→ Study material
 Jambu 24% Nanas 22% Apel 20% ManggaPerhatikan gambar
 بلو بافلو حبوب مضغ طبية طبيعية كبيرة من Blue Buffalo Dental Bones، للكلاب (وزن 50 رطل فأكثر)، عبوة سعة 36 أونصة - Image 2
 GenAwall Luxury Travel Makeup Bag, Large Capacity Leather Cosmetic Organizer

* * *

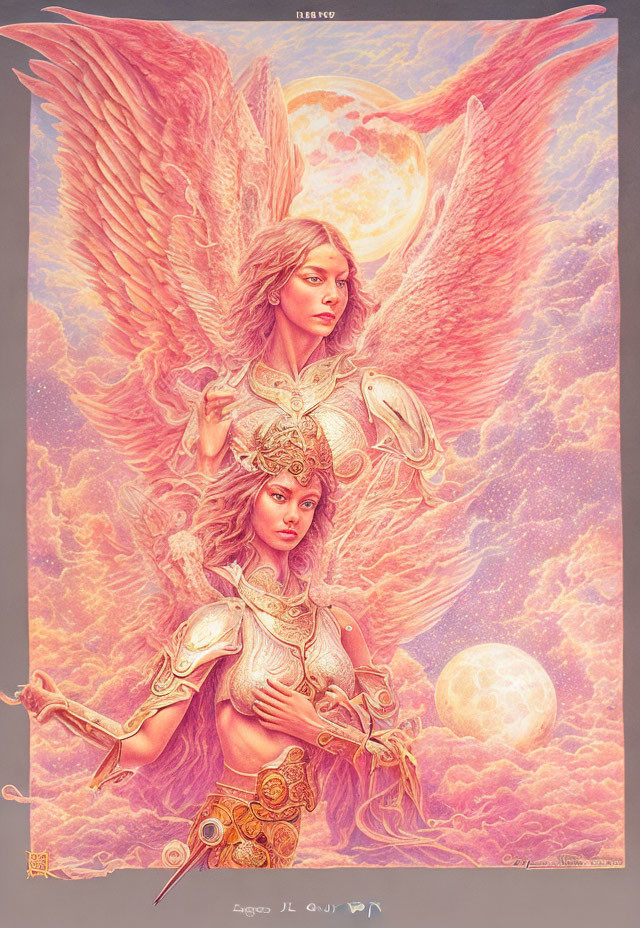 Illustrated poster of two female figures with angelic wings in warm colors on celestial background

→ Problem details
Give back exactly the lines above starting at the line where "Jambu 24% Nanas" appears and ending at the line where "GenAwall Luxury Travel" appears, both included, with no other lines.

→ Solved problem
 Jambu 24% Nanas 22% Apel 20% ManggaPerhatikan gambar
 بلو بافلو حبوب مضغ طبية طبيعية كبيرة من Blue Buffalo Dental Bones، للكلاب (وزن 50 رطل فأكثر)، عبوة سعة 36 أونصة - Image 2
 GenAwall Luxury Travel Makeup Bag, Large Capacity Leather Cosmetic Organizer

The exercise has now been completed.